Bologna, tanti interpreti, un solo obiettivo: aumentare la pericolosità in attacco
Nel gruppo ci sono Castro, Dallinga, Orsolini, Bernardeschi, Cambiaghi, Dominguez e Rowe, oltre a Odgaard, inserito tra i centrocampisti ma ormai considerato un prezioso jolly offensivo. Sarà proprio la capacità di valorizzare le caratteristiche di questi interpreti uno dei primi compiti di Tedesco, che punta a costruire una squadra più pericolosa negli ultimi metri.
Numeri e statistiche
I numeri ne spiegano bene il motivo. Il Bologna ha chiuso l’ultimo campionato con 49 gol segnati, il secondo dato più basso delle ultime sette stagioni. Un passo indietro rispetto ai 57 della prima annata di Italiano e ai 54 dell’anno della qualificazione in Champions League con Thiago Motta, confermando un calo di rendimento offensivo che la società vuole, ma soprattutto, ha bisogno di invertire.
Anche la distribuzione delle reti mette in luce la necessità di trovare nuove certezze in attacco. Orsolini è stato il miglior marcatore con 10 gol, unico rossoblù in doppia cifra, seguito da Castro con 7 e Odgaard con 5. Più indietro Bernardeschi, Cambiaghi e Rowe, mentre Dallinga si trova a dover riscattare una stagione chiusa con appena due reti in Serie A.

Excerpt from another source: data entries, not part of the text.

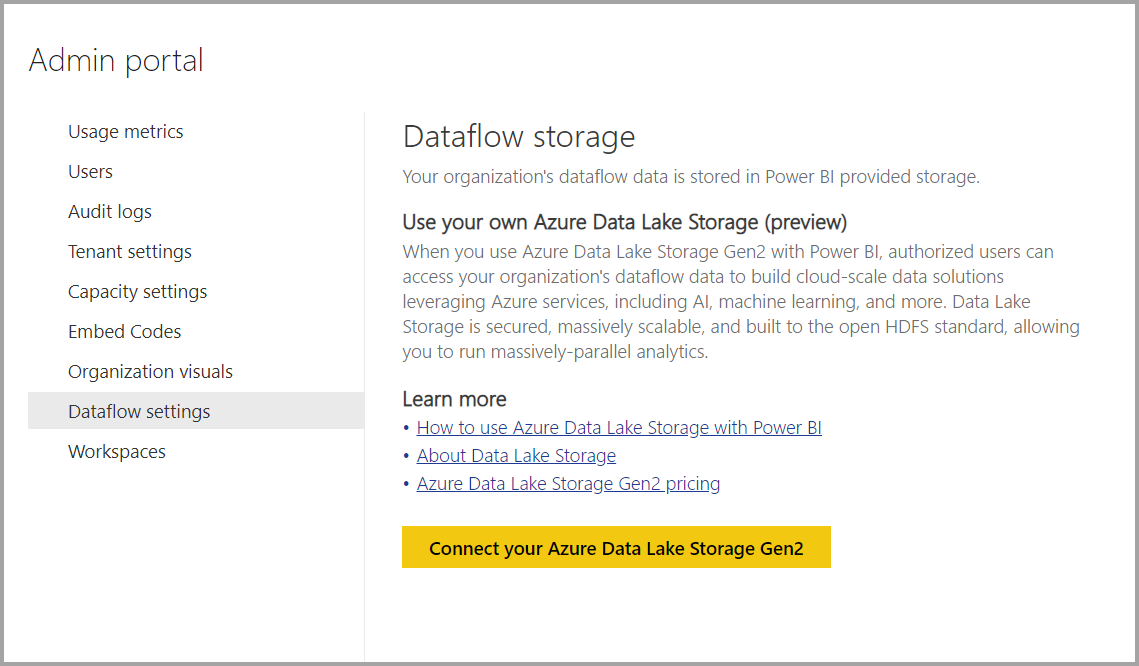 Connect your own Data Lake Storage for Power BI dataflows.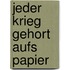 Jeder Krieg gehort aufs Papier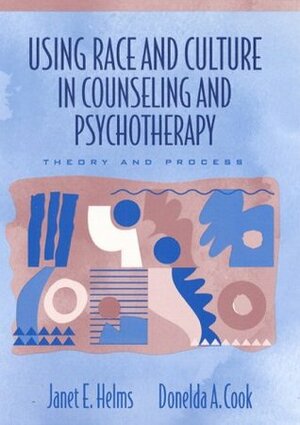 Using Race and Culture in Counseling and Psychotherapy: Theory and Process by Donelda A. Cook, Janet E. Helms
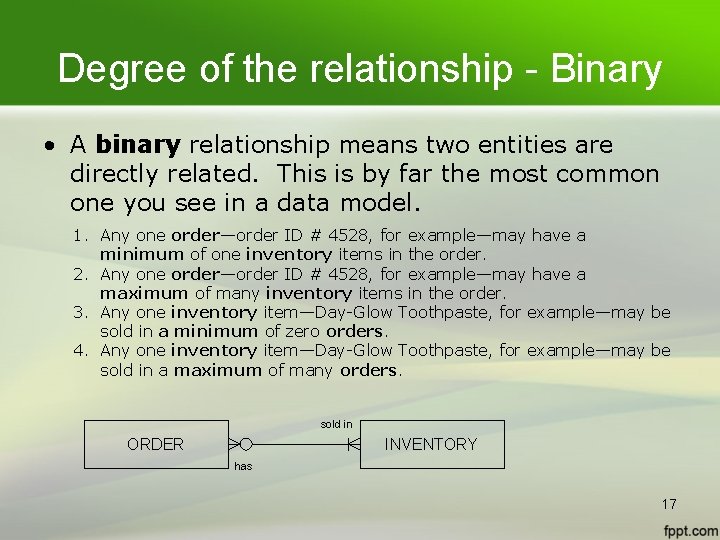 Degree of the relationship - Binary • A binary relationship means two entities are Degree of the relationship - Binary • A binary relationship means two entities are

Le soluzioni di Tedesco, tra mercato e lavoro sul campo
Il mercato del Bologna potrebbe ancora cambiare gli equilibri, soprattutto in attacco, ma le prime settimane di ritiro serviranno a Tedesco per valutare tutti gli elementi a disposizione e definire le gerarchie. La sua idea di calcio ha sempre privilegiato una fase offensiva aggressiva e produttiva, e l’obiettivo è trasferire questi principi anche al Bologna.
È chiaro che non manca la quantità numerica di interpreti offensivi, manca piuttosto la produzione offensiva. E questa, con il giusto lavoro tecnico, può essere la chiave del Bologna per tornare a competere nelle zone alte della classifica: la prima sfida della nuova stagione comincia proprio da qui.